En proie à une très grave dépression, elle suivra son père à Jerzey où elle fait tourner les tables avec sa famille, et où elle tombe amoureuse d’un bel officier anglais qu’elle veut contraindre au mariage. Elle le suivra jusqu’au Canada, en faisant croire à ses parents qu’elle s’est mariée.
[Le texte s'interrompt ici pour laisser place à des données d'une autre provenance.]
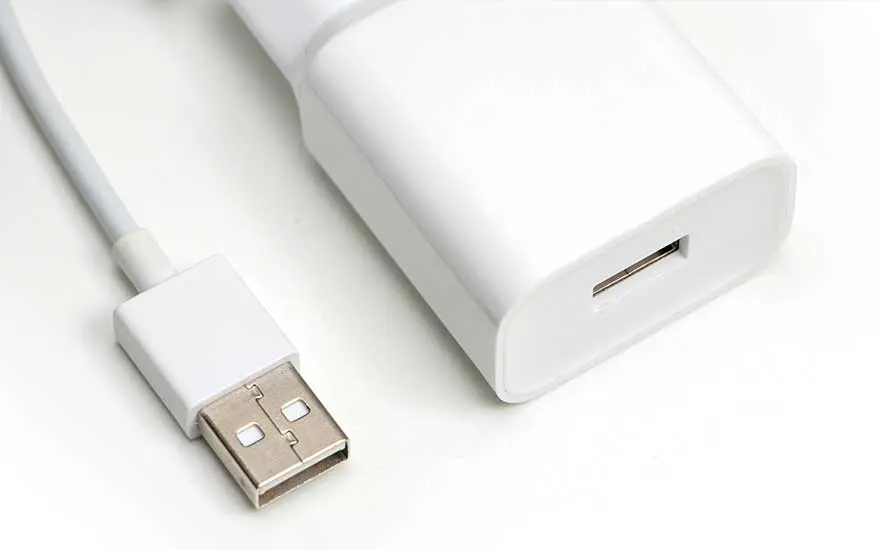 Chargeur mural blanc avec un connecteur USB sur une surface blanche.
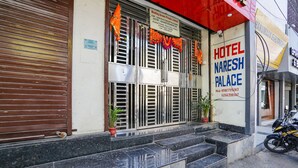 A hotel entrance with a sign reading "Hotel Naresh Palace," a closed shutter door, and a motorcycle parked outside. - Fabhotel Naresh Palace (Raipur)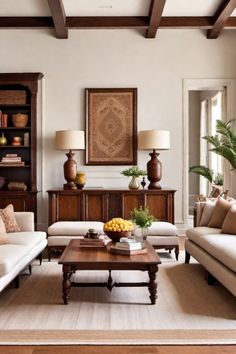 Elegant living room with white sofas, wooden coffee table, decorative fruit bowl, and large framed artwork on the wall. Federal Interior Design, Colonial Indian Interiors, British Indian Aesthetic, Colonial Interior Design Modern, Colonial Chic Interior Design, Colonial Farmhouse Interior Design, American Colonial Interior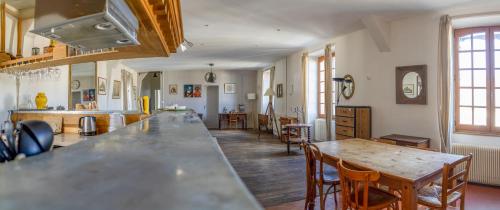une cuisine avec une table et des chaises dans une pièce dans l'établissement Ecuries du Château de Saint-Fargeau, à Saint-Fargeau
Mais il la quittera, et elle sombrera vite dans la folie, atteinte d’hallucinations et de graves troubles de la personnalité, avant de mourir dans un hôpital psychiatrique à Suresnes en 1915. Sa vie tragique a fait l’objet de plusieurs fictions dont L’Histoire d’Adèle H de François Truffaut (1975) avec Isabelle Adjani.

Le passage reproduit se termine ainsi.